Iran Spokesman Confirms Mysterious Disruption Of GPS Signals In Tehran
Government Spokesman Ali Rabiei on Tuesday confirmed a recent disruption in Global Positioning System (GPS) signals in Tehran and said the Supreme National Security Council (SNSC) had been tasked with investigating “to identify the consequences and fix [the problem].”
Rabiei told reporters there was no connection between the disruption of GPS signals and the death of at least 12 hikers in snowstorms and avalanches in mountains north of Tehran since heavy snow began falling on Friday. Social media users have blamed the deaths on the disruption of navigation.
Rabiei said the Minister of Sports and Youth, Masoud Soltanifar, had brought the hikers’ deaths and possible connection to GPS disruption to the attention of the cabinet. “But these hikers lost their lives due to the minus-30 degrees cold and heavy winds,” Rabiei said.
Social media users and taxi drivers have for two years reported numerous cases of losing their way when navigating by GPS, but the jamming of signals has increased in recent weeks, and the problem has considerably worsened since Thursday.

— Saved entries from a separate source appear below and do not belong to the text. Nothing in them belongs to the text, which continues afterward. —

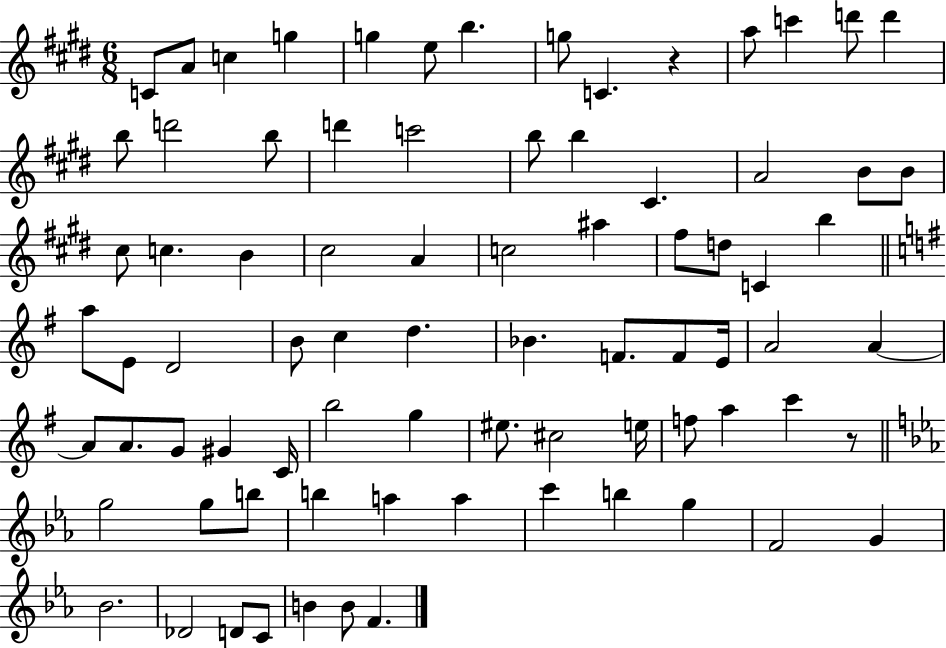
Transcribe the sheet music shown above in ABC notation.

X:1
T:Untitled
M:6/8
L:1/4
K:E
C/2 A/2 c g g e/2 b g/2 C z a/2 c' d'/2 d' b/2 d'2 b/2 d' c'2 b/2 b ^C A2 B/2 B/2 ^c/2 c B ^c2 A c2 ^a ^f/2 d/2 C b a/2 E/2 D2 B/2 c d _B F/2 F/2 E/4 A2 A A/2 A/2 G/2 ^G C/4 b2 g ^e/2 ^c2 e/4 f/2 a c' z/2 g2 g/2 b/2 b a a c' b g F2 G _B2 _D2 D/2 C/2 B B/2 F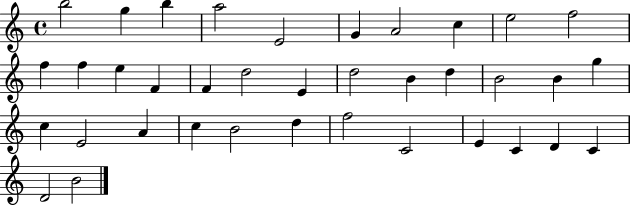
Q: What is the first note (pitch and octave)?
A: B5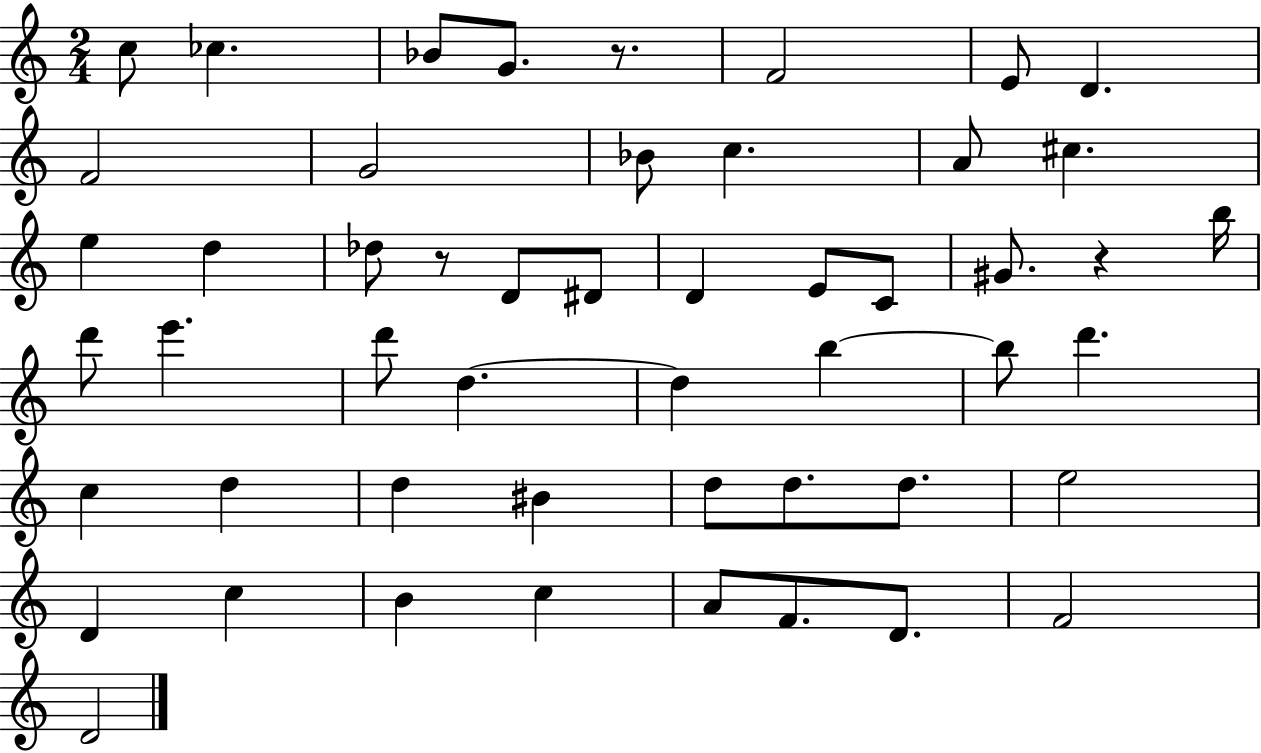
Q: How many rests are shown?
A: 3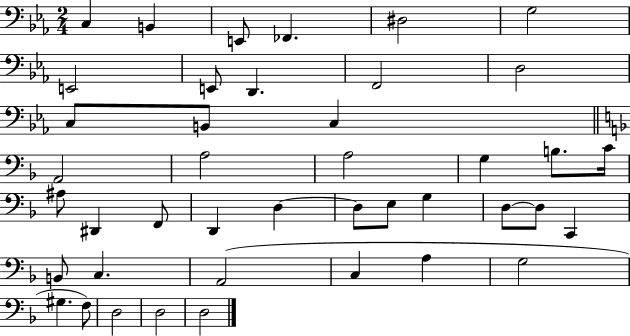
C3/q B2/q E2/e FES2/q. D#3/h G3/h E2/h E2/e D2/q. F2/h D3/h C3/e B2/e C3/q A2/h A3/h A3/h G3/q B3/e. C4/s A#3/e D#2/q F2/e D2/q D3/q D3/e E3/e G3/q D3/e D3/e C2/q B2/e C3/q. A2/h C3/q A3/q G3/h G#3/q. F3/e D3/h D3/h D3/h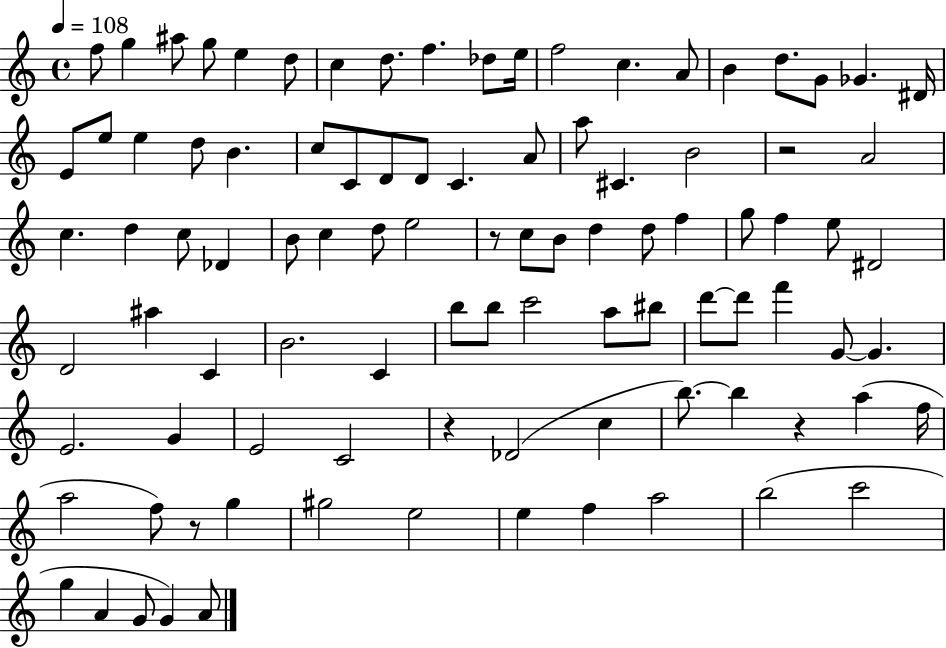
{
  \clef treble
  \time 4/4
  \defaultTimeSignature
  \key c \major
  \tempo 4 = 108
  f''8 g''4 ais''8 g''8 e''4 d''8 | c''4 d''8. f''4. des''8 e''16 | f''2 c''4. a'8 | b'4 d''8. g'8 ges'4. dis'16 | \break e'8 e''8 e''4 d''8 b'4. | c''8 c'8 d'8 d'8 c'4. a'8 | a''8 cis'4. b'2 | r2 a'2 | \break c''4. d''4 c''8 des'4 | b'8 c''4 d''8 e''2 | r8 c''8 b'8 d''4 d''8 f''4 | g''8 f''4 e''8 dis'2 | \break d'2 ais''4 c'4 | b'2. c'4 | b''8 b''8 c'''2 a''8 bis''8 | d'''8~~ d'''8 f'''4 g'8~~ g'4. | \break e'2. g'4 | e'2 c'2 | r4 des'2( c''4 | b''8.~~) b''4 r4 a''4( f''16 | \break a''2 f''8) r8 g''4 | gis''2 e''2 | e''4 f''4 a''2 | b''2( c'''2 | \break g''4 a'4 g'8 g'4) a'8 | \bar "|."
}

On July 1, 2019 the head of Iran's Radio Signals Organization, Hossein Falah-Joshghani, told the news agency IRNA that there had been many complaints about disruption in GPS signals, which had affected air navigation. Falah-Joshghani said it was deliberate but did not attribute blame. Similar disruption were reported in 2011 and 2018 around Tehran.
An official of the Ministry of Communications, Seyed-Jamal Hadian, on April 14 was quoted by Ensaf News that the ministry had lodged a complaint with the judiciary against the body responsible for jamming GPS signals. According to Hadian GPS jamming had nearly caused a plane crash and the SNSC had been informed.
Many social media users have pointed a finger at the Revolutionary Guards (IRGC) for the jamming and say the practice has increased since the assassination of nuclear scientist Mohsen Fakhrizadeh near Tehran on November 27. An IRGC commander, Brigadier-General Ali Fadavi, on December 7 told the media that Fakhrizadeh was killed by a satellite-controlled machine gun.